**TASK MATERIAL:**
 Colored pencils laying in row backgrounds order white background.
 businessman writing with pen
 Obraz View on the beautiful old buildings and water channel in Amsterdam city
...
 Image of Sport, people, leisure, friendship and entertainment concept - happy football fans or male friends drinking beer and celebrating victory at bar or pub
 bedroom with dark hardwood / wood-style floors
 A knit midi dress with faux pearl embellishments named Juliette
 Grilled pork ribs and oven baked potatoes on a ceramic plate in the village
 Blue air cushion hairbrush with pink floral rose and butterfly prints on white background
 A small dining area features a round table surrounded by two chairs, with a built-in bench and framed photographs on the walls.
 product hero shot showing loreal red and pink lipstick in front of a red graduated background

**TASK ITEM:** Copy, exactly and only, the lines above that begin with the one containing "A small dining" and finish with the one containing "product hero shot".

**SOLUTION:**
 A small dining area features a round table surrounded by two chairs, with a built-in bench and framed photographs on the walls.
 product hero shot showing loreal red and pink lipstick in front of a red graduated background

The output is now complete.